THURSDAY.
The 2008 journey thus far: 235 Locks & 337 Miles & 29 Swing\Lift Bridges
Journeys using bus pass: 14
Today, we made up for our failure to ride on the North Yorks Moors Railway at Pickering by travelling on the Keighley and Worth Valley Railway. We took the bus (naturally) to Keighley and arrived in plenty of time for the 11.35 departure to Oxenhope. We arrived almost 30 minutes late at Haworth, this resulted in a shorter wander around the town after I had taken photos of the engines on shed. We caught the 2.03pm to Oxenhope and as it was raining heavily, remained on board whilst the Ivatt 2-6-2 tank 41241 ran around the train. We were allowed 20 minutes at Oakworth to look around the station and chatted to a man who worked for the Northern Lighthouse board; he had worked in some beautiful and very exposed places during that time. We returned to Keighley and took the bus back to the canal.

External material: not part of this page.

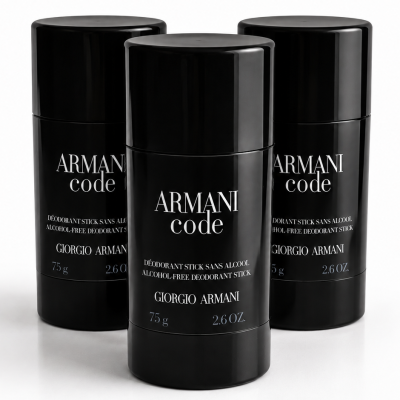 Three 3x Gio Armani Code Deodorant Sticks, each 75g (2.6 oz), with black cylindrical packaging displayed against a white background.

After supper, I was taking a telephone call when a large pair of eyes looked at me through the window. The heifers had got out of the field below the canal. One had horns, so Myra went to shoo them away from our nice new paint job. They wandered off and a few minutes later, we heard a splash and saw waves across the canal. Yes – one of the heifers had fallen in, between our boat and the one moored behind us. It was pouring with rain, I put on my waterproofs and removed our centre mooring rope from the boat. The man on the boat behind us was telephoning the Fire brigade as I arrived with the rope. The heifer had swum around his boat and was heading for the swing bridge and the top gate. As she arrived and was stuck by the ground paddle, I managed to get the rope around her head and turn her back to the shallower water. She swum back to the edge near the boats and I managed to get the rope around her head and a turn around a bollard, so she was standing in the canal and not going anywhere. She was a bit shaken, but seemed to be calming down when she shook her head, backed up and neatly turned around. The fire brigade arrived and as they took hold of the rope, she began swimming back to the swing bridge. She went along between a BW wide boat and the towpath getting stuck for a while before she pushed and got away from the rope. Under the bridge she went before a fireman got the rope around her head and pulled her to the concrete by the bridge. She got her front legs onto the concrete and was pulled out by the firemen and laid on her side resting. She had a few cuts to her legs, but hopefully they would be checked by the vet that had been called out by the fire brigade. They were deciding how to get her up the two big ledges to the road when she stood up and climbed them herself before being led back to her field and the rope untied. Most of the rest of the heifers had gone down the towpath past the 5 and the 3 rise and arrived being driven back by a jogger as the firemen were replacing the pieces of the jigsaw of pallets that had been unsuccessfully masquerading as a gate. All the beasts were put back in the field just as the BW emergency team, in the form of the Dowley Gap lockie arrived.
Showers, some very heavy, a few bright intervals.